I just have a conceptual question about how logstash import same files.

Let's say I have done with the previous data ingesting. I terminated the process of logstash after that.And I do not change the data source file or corresponding config file. They are exactly same as before. If I restart the logstash with the same config setting, would the data be replaced by the new one(even if they are same) or logstash automatically recognizes they are same so it will not import any new data?

Logstash's file input keeps track of the current position in each file so that it can continue where it left off. See the file input plugin documentation for details.

I am not really sure what the documentation says.

Here is my input setting, could you help me take a look at it.

My goal is to make it continue where it left off every time I start the logstash with that config.

input {
	file {
		path => "/Users/apple/Desktop/ref_client/events/event.log"
		start_position => "beginning"
		sincedb_path => "/dev/null"
		codec => json
		

	}
}

Thanks.

Your sincedb_path setting effectively disables the tracking of the current position. Drop it and you'll be fine.

What about "start_position", do I need to change it into "end"?

No. That option controls what happens when Logstash discovers a new file that matches the configured filename pattern.

If for the scenario that I have my initial json file which has 5 data items. So when I first import this file to ES, it is read from the beginning. Later on, my file is updated and there are 2 more data items added to the file. And I want to import this file again. Do I need to change my start_postion to "end" when the second importing with the updated file?

No, Logstash will pick up the two added items.
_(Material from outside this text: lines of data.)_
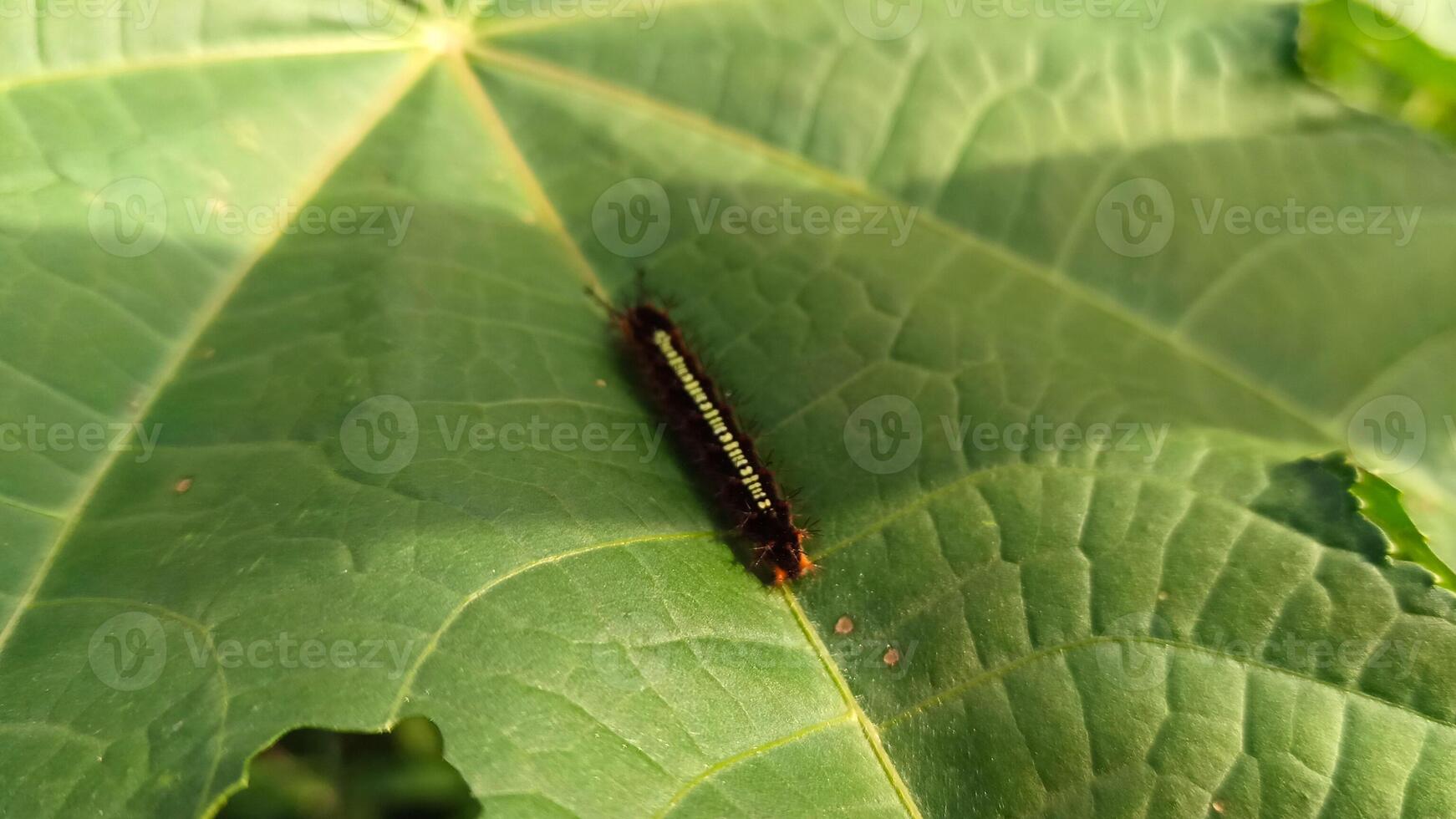 A caterpillar on a green leaf. photo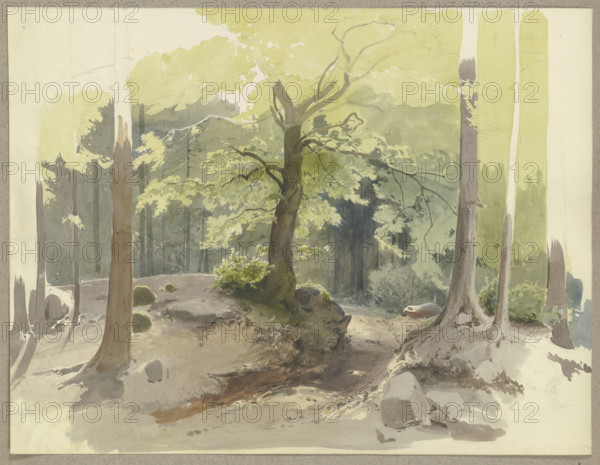 Forest path in the Ilse Valley in the Harz Mountains, c1844. Creator: Carl Theodor Reiffenstein.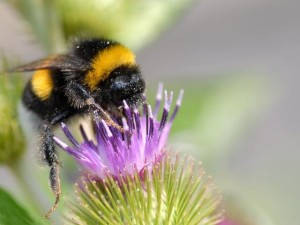 Bumblebee on a flower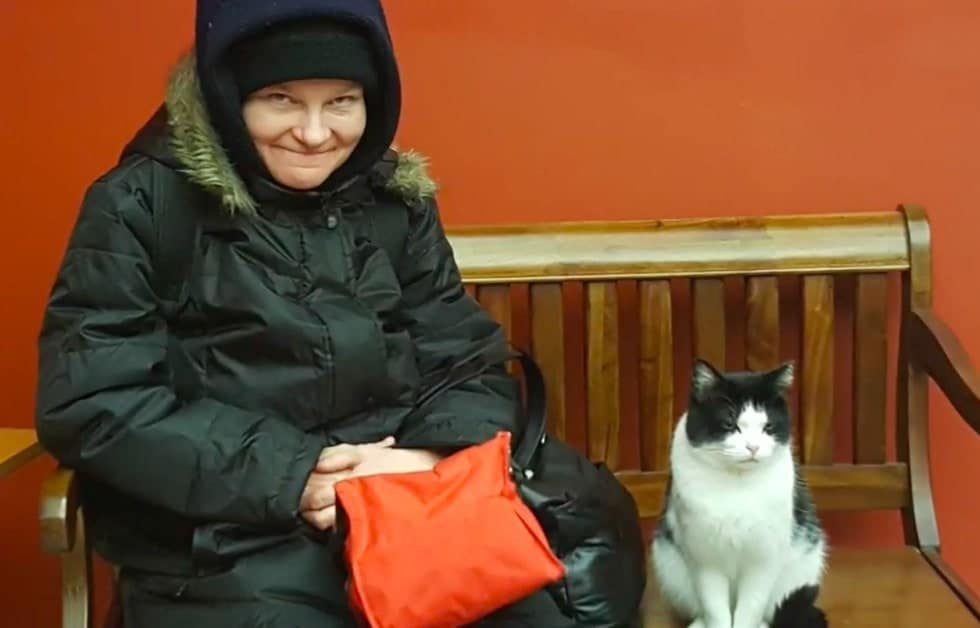 A stray cat enters a nursing home and learns to secure a job 6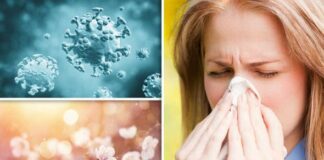 CHEMIST4U REVEALS THE UK’S HAY FEVER CAPITALS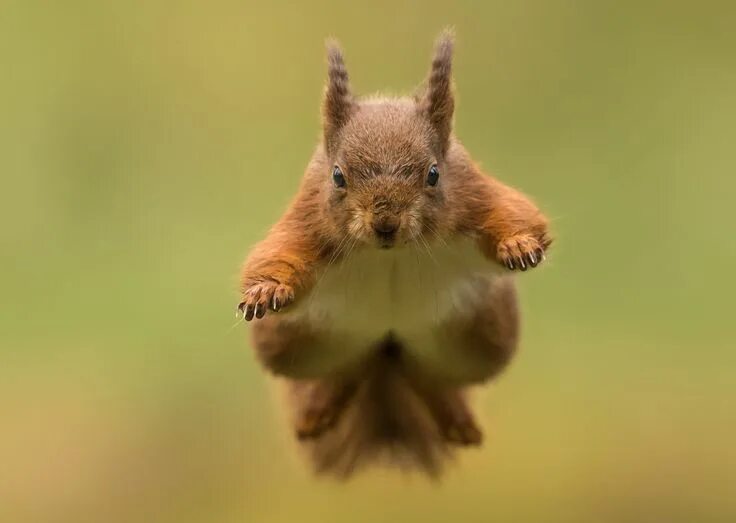 Белка в полете фото 17) Белки играют в "Игру престолов" Squirrel, Squirrel hunting, Red squirrel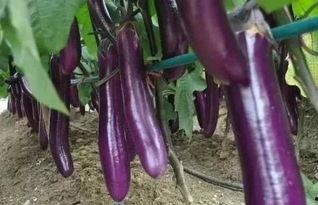 香蕉茄子视频国产在线,香蕉茄子视频，带你领略独特视听盛宴  第3张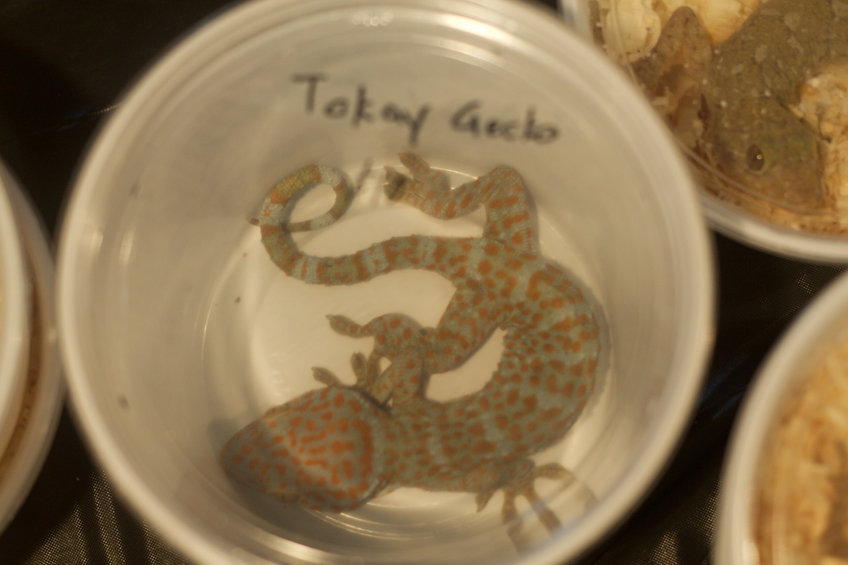 Tokay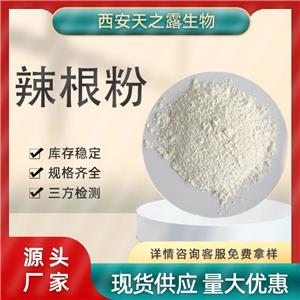 辣根粉99% 辣根提取 食品級辣根素濃縮速溶粉 調味品原料廠家現(xiàn)貨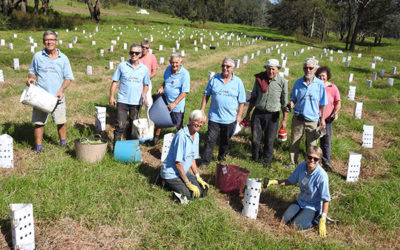 1000 trees planted in four days!
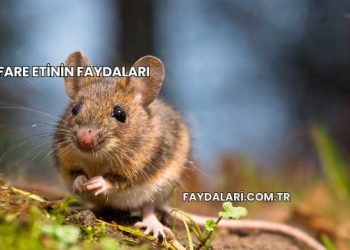 Fare Etinin Faydaları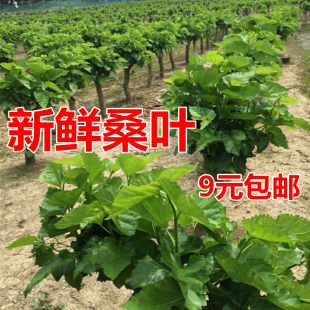 新鲜桑叶蚕宝宝饲料小蚕特嫩桑叶桑树苗养蚕现摘桑叶农家自种包邮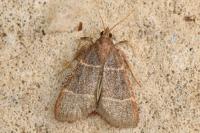 Hypsopygia glaucinalis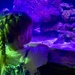 Granddaughter Maddie at Sea Life Sydney Aquarium. 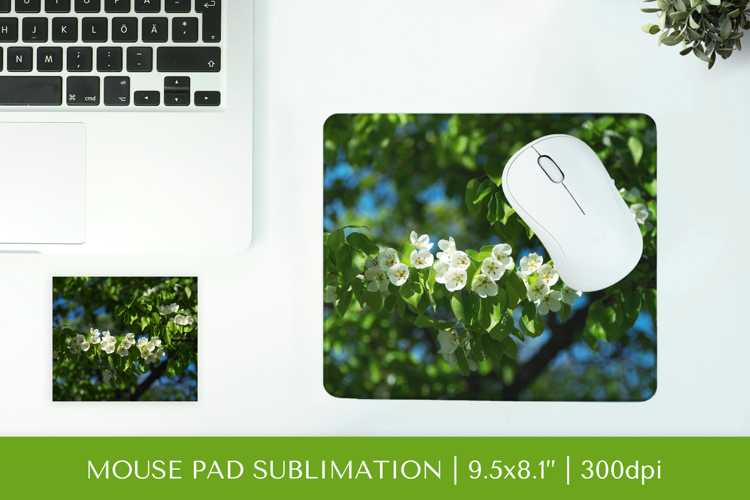 Blooming Pear Blossoms mouse pad sublimation design PNG 004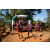 Raid Amazones Cambodge - J1 : Trek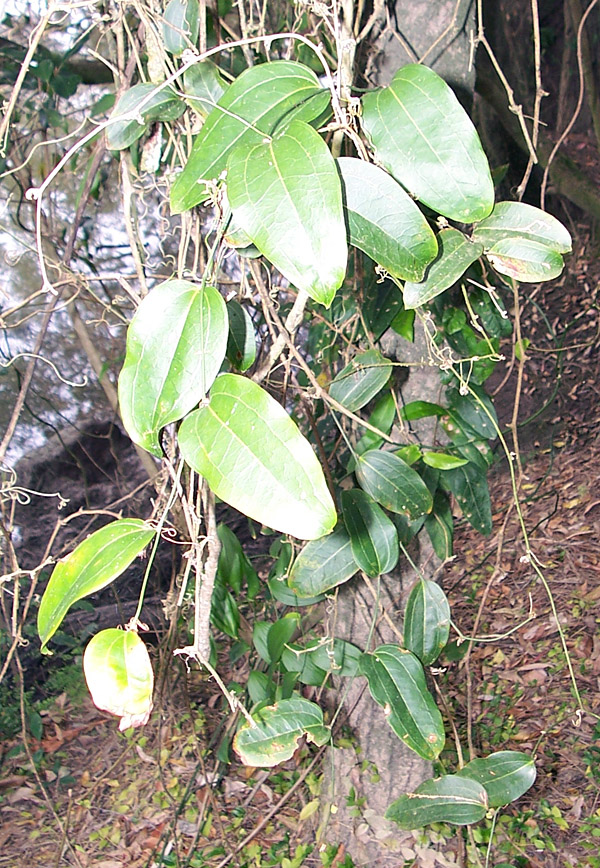 Smilax australis - Native Sarsaparilla Smilax australis - Native Sarsaparilla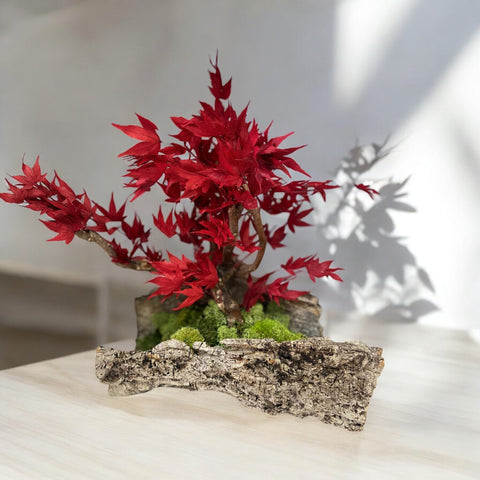 Bonsai - stabilizzato - acero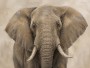 Majestätischer Elefant als Wandbild oder Kunstdruck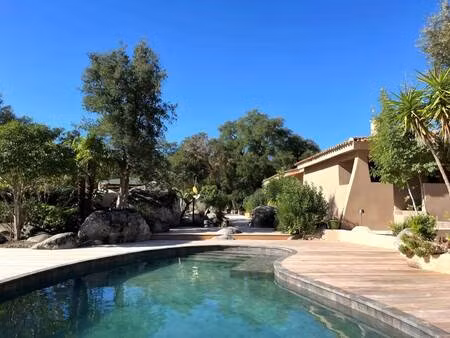 sud corse immobilier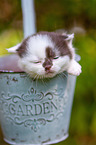 British shorthair kitten in flowerpot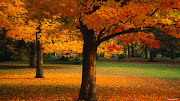 De click aquí y vera mas wallpapers de otoño hermosos arboles en la epoca de otoã±o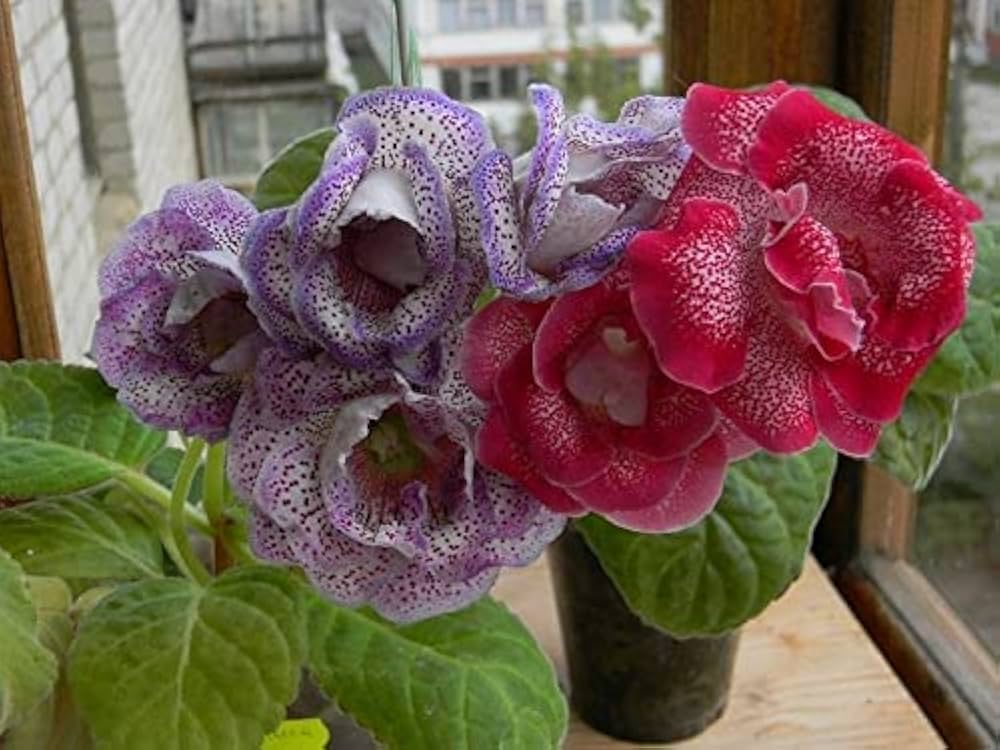 Mixed Gloxinia Gloxinia spp. Flower Seeds for Planting in Flower Bed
I am assuming that the items are added by appending to the original file. If the file is rewritten from scratch with a new inode number Logstash will lose track.

So the final version would be like this no matter if it is the first time ingesting or not, right?

input {
file {
path => "/Users/apple/Desktop/ref_client/events/event.log"
start_position => "beginning"
codec => json

Yes.

I tried this config, but the result seems there has duplicated data items.

Alright, my current situation is I commented off "sincedb_path" line and imported the file with the same name but updated version. I think the read position was messed up somehow. What I want to do is get rid of all previous operations and start a new ingesting with the feature of recording the last read position. I already deleted the previous data in ES, but I think for that specific file, the last read position was recorded somewhere cuz I ever commented off that line. So if I keep my config to achieve restarting from the beginning, it would not work since no new data come in. I am wondering if there is any way for me to restart everything then?

Delete the sincedb file(s) and you'll reset Logstash's idea of the current position in the file. I believe the file input documentation describes where those files are stored.

Thanks.
Btw, is it possible for me to create my own empty txt file for sincedb_path file?

Maybe, I'm not sure how picky the code is. Why would you want to do that?

Idk either...

I just checked the document and go into the folder that is supposed to have the sincedb_path file. But nothing is there...I did not specify my own text file...

The default will write sincedb files to <path.data>/plugins/inputs/file NOTE: it must be a file path and not a directory path

Make sure you display hidden files (i.e. their names begin with a period). If you increase the logging verbosity Logstash will tell you the name of sincedb files used.

Yeah, it is hidden in that folder. Thank you so much!!

This topic was automatically closed 28 days after the last reply. New replies are no longer allowed.